Source: adapted from Hoyle B.S. (1989) "The port-city interface: trends problems and examples", Geoforum, Vol. 20, pp. 429-35.
Port / City Relations
Many cities around the world have built an intricate relationship with their port since they owe their origin to their port site. Conventionally, the economic dynamism of many cities was linked to their port which was a source of employment and commercial interactions with the global market. Still, the waterfront occupies valuable space in proximity to urban activities which can be a source of dynamism, but also of conflicts. The issue of land and water uses along the waterfront, which is a valuable zone of interface, is therefore requiring cooperation between the port and the city so that social and environmental externalities are mitigated. In recent decades, the prevailing trend has been a growing level of disconnection between ports and their host cities, particularly because of globalization and containerization. The main factors that have favored a port-city disconnection are:
  • The migration of several terminals towards peripheral locations.

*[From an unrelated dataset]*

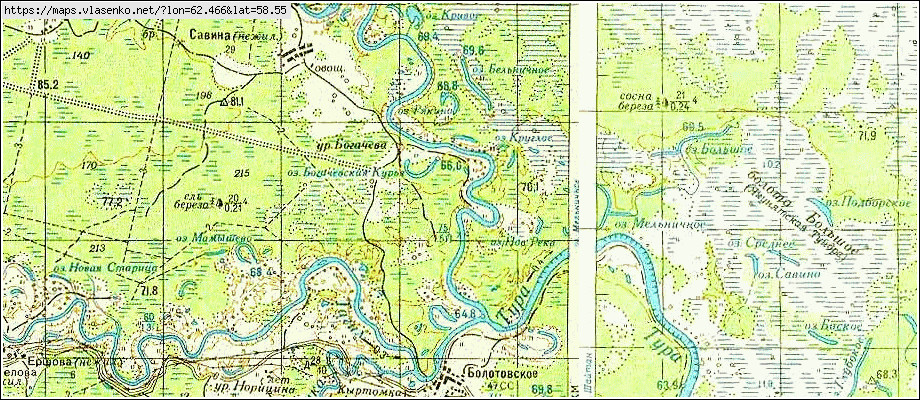 Карта БОЛОТОВСКОЕ, Свердловская область, Алапаевский район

The need for additional space and deeper drafts have incited terminal operators to seek new sites that are located further away from the conventional sites.

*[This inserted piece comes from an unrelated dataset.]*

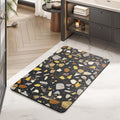 MontVoo -Bath Mat-Non Slip Thin Bathroom Rugs Fit Under Door- Quick Dry Absorbent Faux Suede Surface Grey Bathroom Floor Mats-Shower Rug for in Front of Bathtub Shower Black & Multi Color 16x24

  • The containerization of terminals has reduced labor requirements since a modern container terminal is capital intensive and require a small quantity of qualified labor to operate. Port terminal thus employ much less people than before, reducing a whole array of port/city interactions, such as commuting.
  • Safety and security issues have become more salient implying that access to port areas, particularly terminals, is restricted.

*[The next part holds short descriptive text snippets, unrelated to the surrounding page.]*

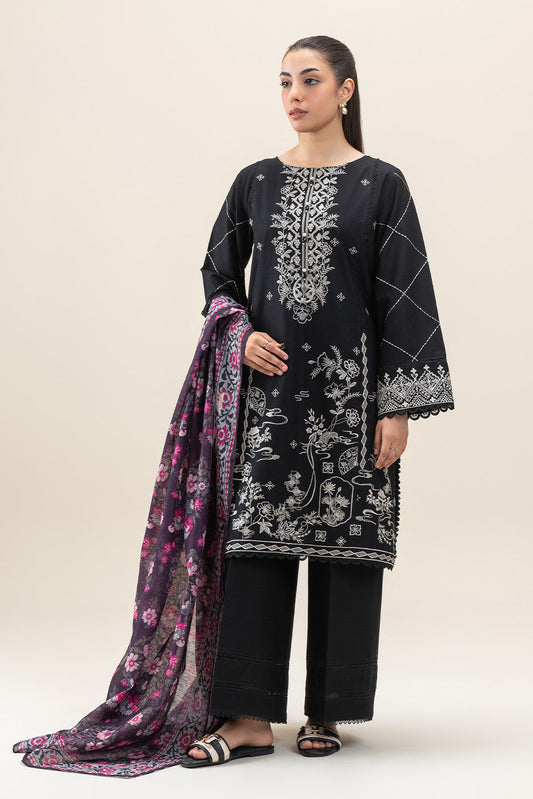 3 PIECE EMBROIDERED LAWN SUIT-EBONY VOGUE (UNSTITCHED)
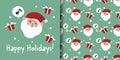 Christmas banner and seamless pattern of Santa Claus with gift box and snowflakes Royalty Free Stock Photo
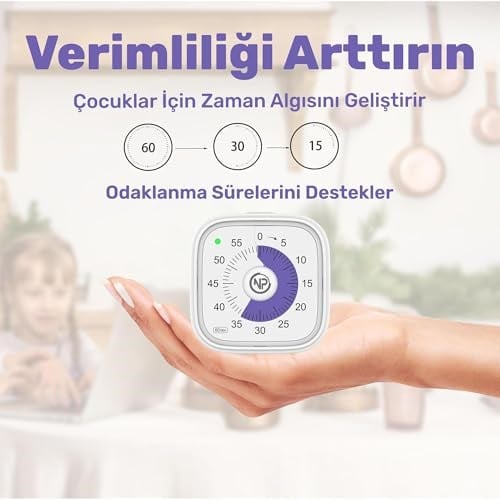 NPO NPT31B Mutfak,Ders,Yemek için 60dk Analog Alarm Zamanlayıcı,Pomodoro Öğrenci Motivasyon Saati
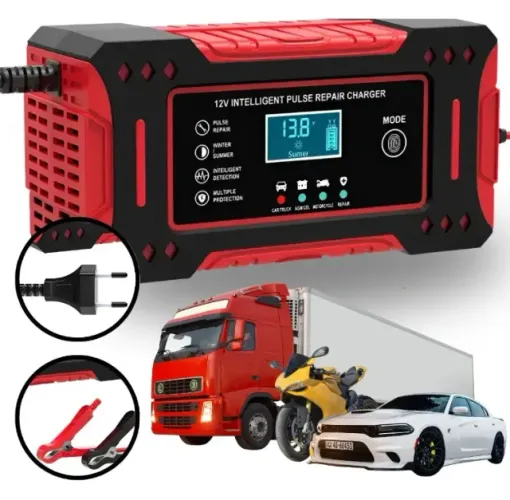 Carregador bateria carro 10 Amperes 12v 24v Bateria Caminhao ate 150a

  • Modern ship operations require less labor. Also, due to flags of convenience, ship labor is mostly multinational (e.g. Philippines) and therefore not linked to the communities along the ports of call. Containerships spend little time at ports, often less than 24 hours, considerably reducing opportunities for shore leaves.
  • Hinterland accessibility has improved, implying that the majority of economic activities using the port are located further inland and not, as it was conventionally the case, in close proximity to port terminals.